# Help with Genius G-Pen 560 using Ubuntu 9.10



## CannonFodder (Dec 25, 2009)

I just bought it, two problems
1)If I just get the pen close it shows the mouse is moving, how can I change it so it has to be on the tablet for it to move
2)The pen works so that if you get the tip on the tablet it left clicks, but there's also a button on the side for right clicking.  How do I make it so the button on the side is for left clicking. (I don't need to right click for it)
Please explain directions in detail I don't know alot about this.
I forgot also on the tablet the center of it is the center of the screen, etc.
3)How do I change it you can move it left even if it's in the right side of the tablet.

Also yes the driver is installed


----------



## ArielMT (Dec 25, 2009)

I found what I think are the setup instructions you need at TabletSetupWizardpen at Ubuntu Community Documentation.  The directions call for you to use the vim editor, but the directions can be followed exactly with any vi-compatible text editor or generally with any text editor.


----------



## CannonFodder (Dec 26, 2009)

I'm stuck on the last part
it says "info.product" but the part where I find out that isn't working.
It says Aiptek but the company is Genius.


----------



## ArielMT (Dec 26, 2009)

CannonFodder said:


> I'm stuck on the last part
> it says "info.product" but the part where I find out that isn't working.



The command grep -i name /proc/bus/input/devices didn't give the name of the tablet?



CannonFodder said:


> It says Aiptek but the company is Genius.

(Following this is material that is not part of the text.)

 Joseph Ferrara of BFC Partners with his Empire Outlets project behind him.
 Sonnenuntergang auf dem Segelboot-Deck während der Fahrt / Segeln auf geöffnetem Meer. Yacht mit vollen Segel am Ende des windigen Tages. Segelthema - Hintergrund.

I saw that turn up in search results.  I have no idea if the brands are compatible, but I'd wager they are.


----------



## CannonFodder (Dec 26, 2009)

ArielMT said:


> The command grep -i name /proc/bus/input/devices didn't give the name of the tablet?
> I saw that turn up in search results.  I have no idea if the brands are compatible, but I'd wager they are.


Got it!
All I need to figure out now is how to make the mouse pointer move relative to how the pen is moving...
I don't think there's a way to do that though.


----------



## ArielMT (Dec 26, 2009)

If you mean making the pointer move relative to device movement, like a real mouse or touchpad, then true, there's no way that I know of.  A tablet, as far as I can tell, is essentially a miniature screen area: A point on the tablet surface always corresponds to the same pixel on the screen.


----------



## CannonFodder (Dec 26, 2009)

Alright
Oh real quick I accidently deleted Network Manager from my the panel, I still have it installed.  How can I put it back on there?


----------



## ArielMT (Dec 26, 2009)

Frankly, I'm amazed you're still able to use the 'Net with Network Manager installed but not running.

Anyway, Alt+F2 -> nm-applet --sm-disable

Edit: If you mean the area where Network Manager and other notification icons sit, then it's the Notification Area applet you want to add to the panel.  Right-click on an empty area of the panel, choose "Add to Panel," and choose Notification Area.  Once added back, either middle-drag the grippy or right-click the grippy and choose "Move" to put the applet where you want.


----------